Dem gegenüber stehen alleine eine Million Übernachtungen in Würzburg jährlich. Nimmt man noch die 11,6 Millionen Tagesbesucher hinzu, nehmen sich die 150.000 Kreuzfahrtgäste geradezu verschwindend gering aus. Auch wenn in die Statistik der Tagesbesucher jene aus dem Umland eingerechnet werden, die nach Würzburg kommen, um einen „Gegenstand des höheren Bedarfs“, beispielsweise Textilien,  zu kaufen. Um das Ganze noch deutlicher zu  machen: Der Mantelsonntag verzeichnet alleine etwa so viele Besucher wie Kreuzfahrtgäste in einem Jahr nach Würzburg kommen.

„Man muss auch die Wertschöpfungskette sehen“, erinnert Dr. Oettinger. Die fängt beim Bau der Anlegestellen an, wo viele Firmen profitieren, geht über Anlegegebühren und Gebühren für Strom, Wasser und Abfallentsorgung weiter bis hin zu den Gästeführern, die Eintritte in Museen, die Gastronomie oder auch die Einkäufe der Kreuzfahrer. Geht man realistischerweise davon aus, dass ein Kreuzfahrtgast etwa 30 Euro in der Stadt lässt, ergibt dies immerhin rund 4,2 Millionen Euro jährlich – ein merklicher Posten.

Außerdem: „Die Schiffe beleben das Stadtbild, bringen das Fluidum der großen weiten Welt nach Würzburg“, so Oettinger weiter. Die meisten Kreuzfahrtgäste kommen aus USA, Kanada und Australien. Verstärkt wollen nun auch chinesische Firmen Schiffe anmieten und ihre Landsleute durch Europa schippern. Oettinger sieht in den Kreuzfahrten einen Multiplikatoreffekt: „Wer Würzburg erlebt hat und vielleicht auch über Land durch die Region gefahren ist, gibt in der Regel ein positives Meinungsbild ab“.

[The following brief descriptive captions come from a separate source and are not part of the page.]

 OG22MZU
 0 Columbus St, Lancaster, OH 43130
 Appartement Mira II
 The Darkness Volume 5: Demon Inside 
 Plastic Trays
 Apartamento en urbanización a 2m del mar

In Würzburg beschränkt sich der Besuch zumeist auf eine Visite der Residenz, die für die Kreuzfahrtgäste extra früher ihre Pforten öffnet. Dem schließt sich eine zeitlich reduzierte Stadtführung an. Selbstverständlich möchten viele Gäste dann noch etwas Freizeit, um durch die Stadt zu bummeln und Einkäufe zu tätigen. Und so mancher will – trotz der Luxusverköstigung auf dem Kreuzfahrtschiff – dann doch etwas Ortstypisches zu sich nehmen.
Die Hochsaison für Kreuzfahrtschiffe läuft von Mai bis Oktober mit bis zu 150 Schiffsanlegungen in Würzburg monatlich. Die Weihnachtsmärkte sorgen für eine Saisonverlängerung und mit 60 Anlegungen im November und 40 Anlegungen im Dezember klingt die Saison aus.

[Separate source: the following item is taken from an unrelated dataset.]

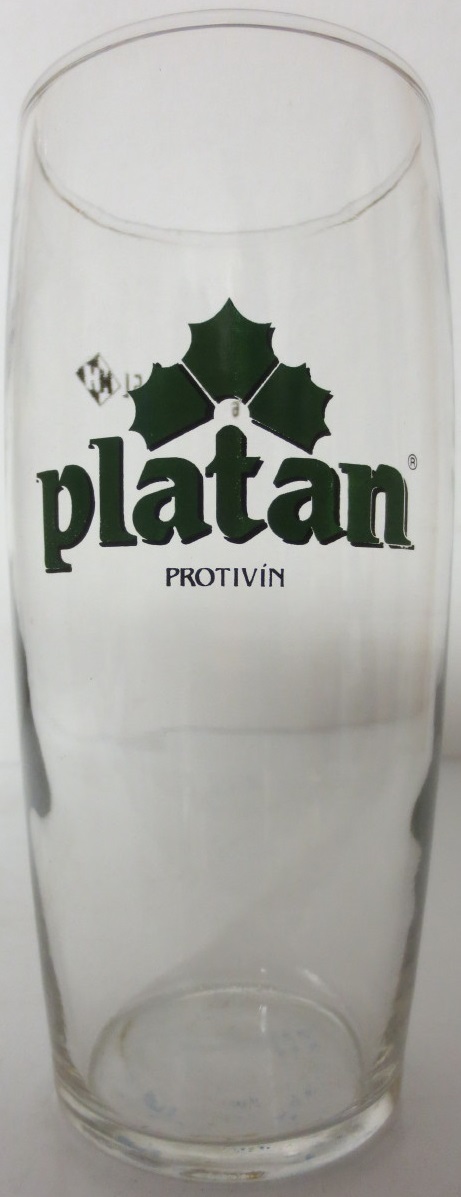 platan PROTIVÍN (0,5L)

Wo genau die Kreuzfahrtgäste ihr Geld ausgeben, lässt sich schwierig feststellen. „Es gibt Händler, die sagen, ich mache ein gutes Geschäft – andere Händler sagen, die Kreuzfahrtgäste laufen nur durch“, so Volker Wedde, Bezirksgeschäftsführer des Handelsverbands Bayern, im Gespräch mit dem UP Magazin.

Als typische Branchen, die für Kreuzfahrtgäste interessant sind, sieht er Markenware und Souvenirs. Und: Auch wenn es sich nicht um die „absolut großen Zahlen“ handle, stelle der Kreuzfahrtourismus dennoch eine wichtige Größe für den Handel dar.

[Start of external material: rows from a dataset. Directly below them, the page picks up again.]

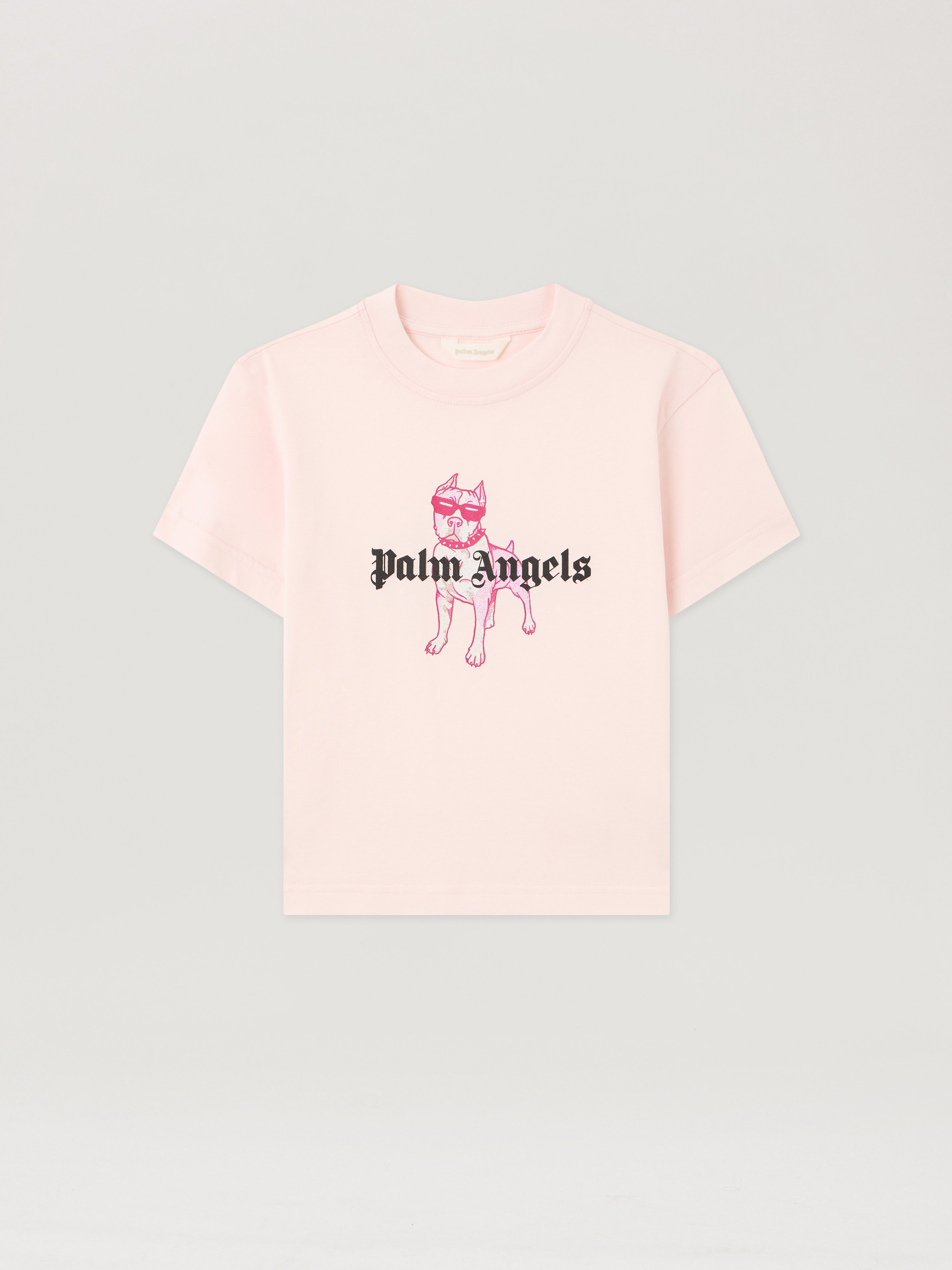 Palm Dog T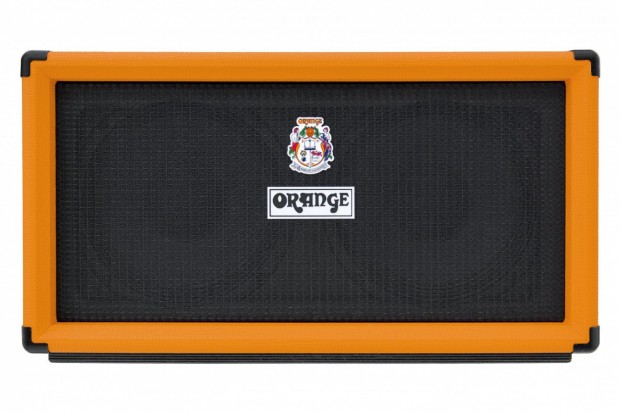 Orange Amplification OBC210 Mini
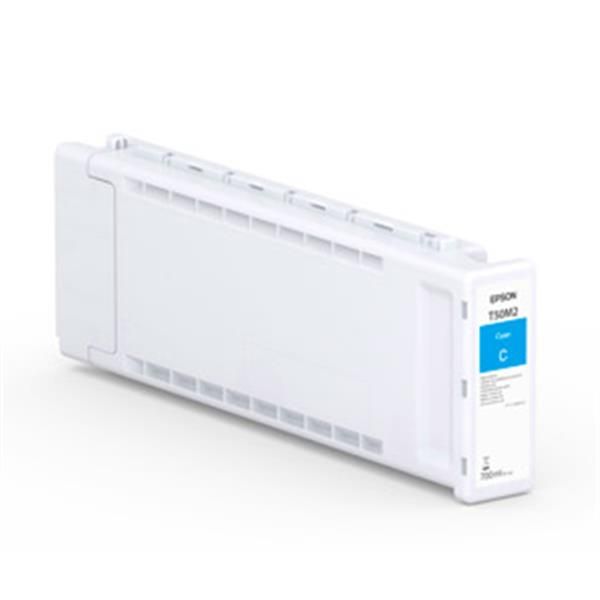 TANICA CIANO ULTRACHROME XD3 T50M2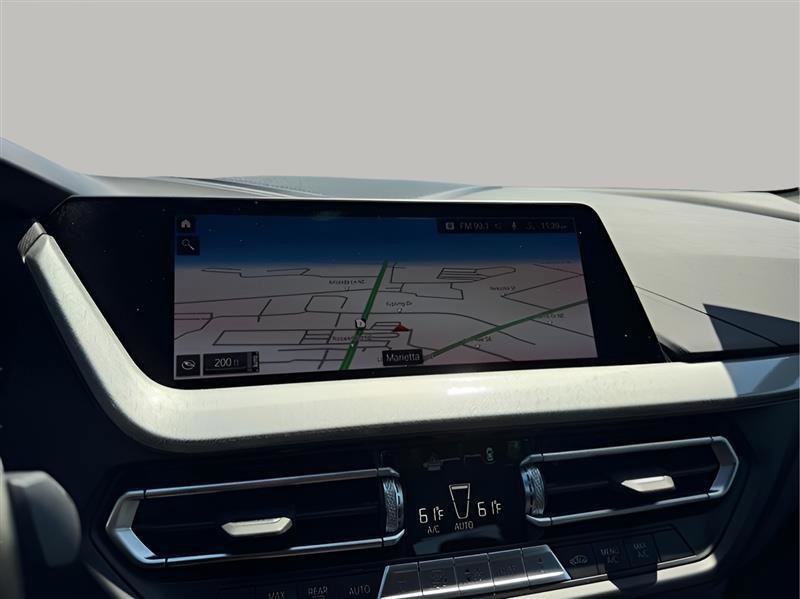 Used 2022 BMW 228i Gran Coupe w/ Convenience Package FWD image 46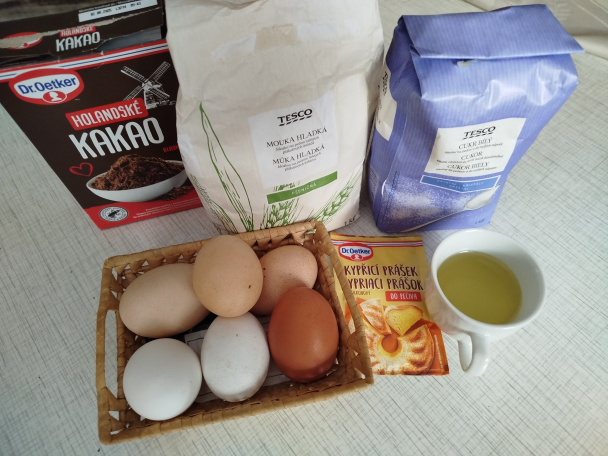 Veľkonočné rezy (fotorecept) - obrázok 2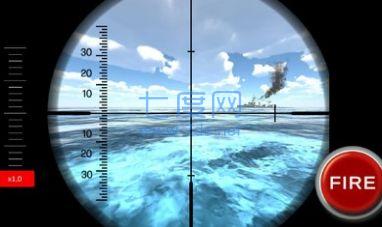 U艇攻击游戏 v2.23.0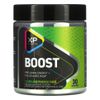 XP Sports, Boost, Energy + Focus Amplifier перед игрой, кислый лайм, 228 г (8,04 унции)
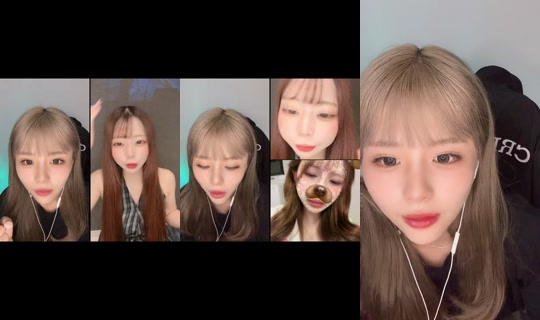 kushizashinida TikTok Live — Aug 31, 2026, 12:27 PM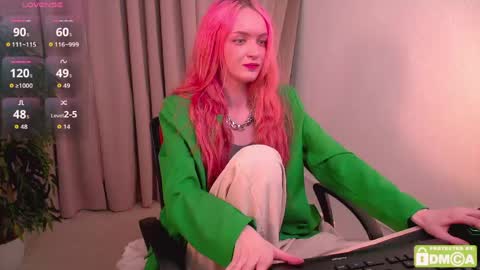 Maisie online show from May 13, 6:23 am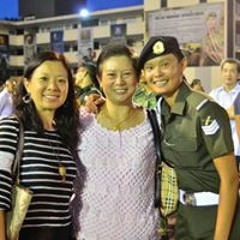 Audrey Shayne Ng HuiXin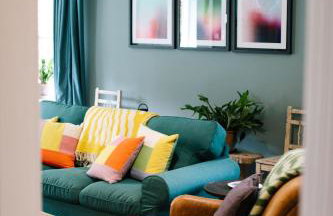 Gardener's House - Hawarden Estate - Foto 5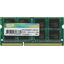 Модуль памяти Silicon Power <SP008GBSTU160N02> SO-DIMM DDR3 1x 8 Гб <PC3-12800>, вид сверху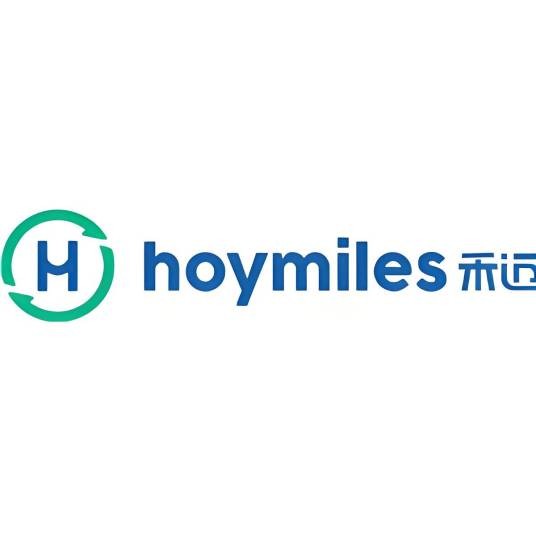 杭州禾迈电力电子股份有限公司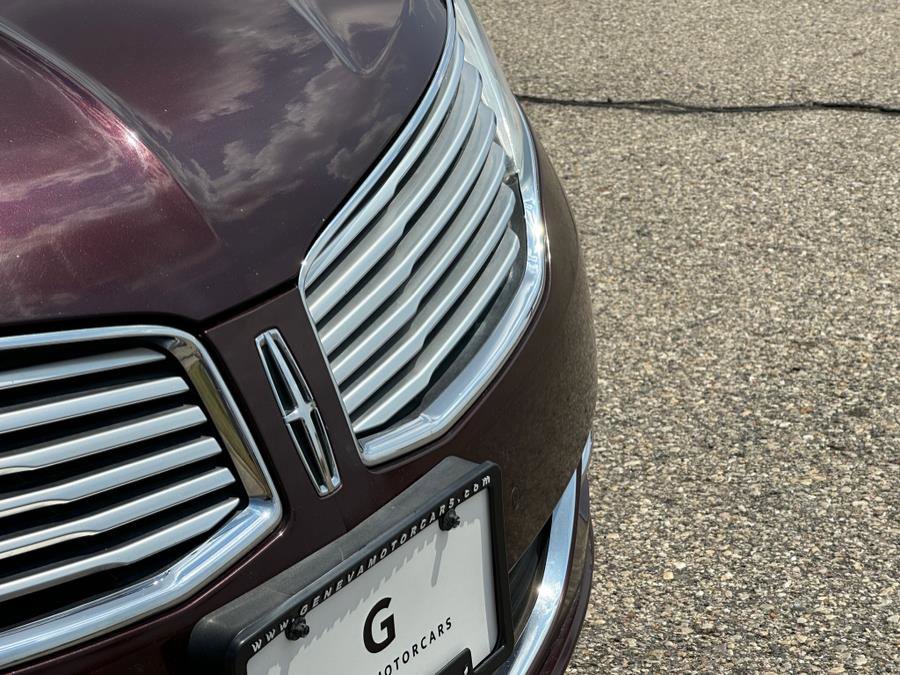 Used 2013 Lincoln MKZ FWD image 11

Seinen Mitgliedern im Handelsverband rät er in Bezug auf Kreuzfahrtgäste zu Fremdsprachenkenntnissen: „Man sollte sich auf jeden Fall auf Englisch verständigen können“. Besonders wichtig sei für Kreuzfahrtgäste, dass sie mit Kreditkarte bezahlen können. „Dies wird von den Touristen erwartet.“  Punkten können Händler bei den Kreuzfahrern auch, wenn sie bei ihnen Tax Free - also ohne Mehrwertsteuer - einkaufen können.